The night Robert F. Kennedy virtually clinched the 1968 Democratic presidential nomination, the scene in his suite at the Ambassador Hotel in Los Angeles was like a "madhouse," one of his closest friends remembers.

On June 4, 1968, Sen. Kennedy had just won the key California primary and looked forward to the Democratic National Convention.

"People were celebrating, cheering each report that came over the television," says Ted Sorensen. "And finally, he was summoned to go down to the ballroom and salute and thank the crowd of his supporters and workers. And I stayed behind in his hotel room, watching on television."

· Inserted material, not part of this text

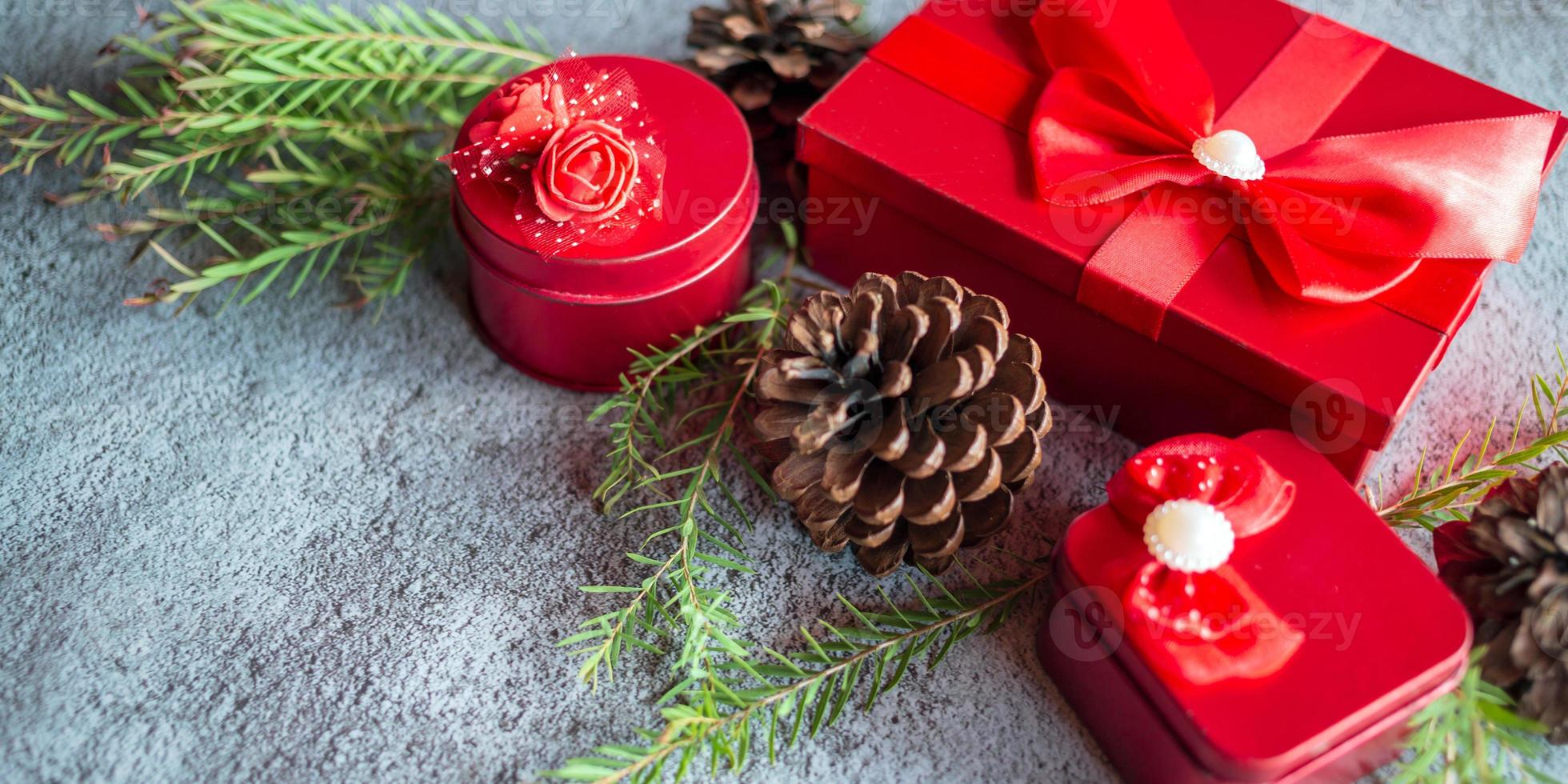 Christmas decoration composition on gray concrete background with a beautiful Red gift box with red ribbon, tree branches, and pine cones photo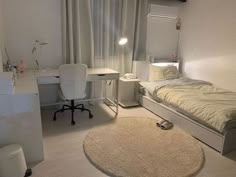 a bedroom with a bed, desk and chair next to a white rug on the floor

"I saw him speak, thank his supporters, conclude with the stirring words, 'Now on to Chicago,' which was to be the site of the convention that year, continued watching as the camera followed him off the platform only to hear the shots ring out, the commentators saying that Sen. Kennedy has been shot. And there he was lying on the floor.

"I could not believe that what I had gone through five years earlier was happening again," Sorensen tells Renee Montagne, referring to John F. Kennedy's assassination.

Robert Kennedy was shot just after midnight June 5, 1968, and died early the next morning.

Grief and Pride

In 1963, Sorensen was a top aide to John F. Kennedy, when the president was killed in Dallas.

"Bobby came into my office wearing dark glasses because his eyes had been filled with tears and he was a proud man. He simply stood there for a while. We looked at each other; each knew that the other had suffered a terrible loss. We commiserated a little bit and then he went on to other duties ..."

Sorensen and Robert Kennedy were not always close. The aide came to know the younger Kennedy in 1953, "not altogether favorably, to be frank about it, because we were far apart ideologically and in background," he says.

Competing for Attention

Robert Kennedy was counselor to the fiery conservative Sen. Joseph McCarthy, when Sorensen worked for the liberal Sen. John Kennedy. But Sorensen remembers it would be years before he and Robert Kennedy became friendly.

In his new memoir, Counselor, Sorensen writes that by the early 1960s, he and Robert Kennedy vied for the attention of the president, somewhat like siblings.

"We both loved John F. Kennedy and were both determined to serve him," Sorensen says. "[Robert Kennedy] was, as attorney general of the United States in 1961 and I as special counsel to the president, both had the edge of jurisdiction on legal problems. So in that sense there was competition, but in a much broader sense, whatever ill will or suspicion there may have been years earlier, we became fast friends."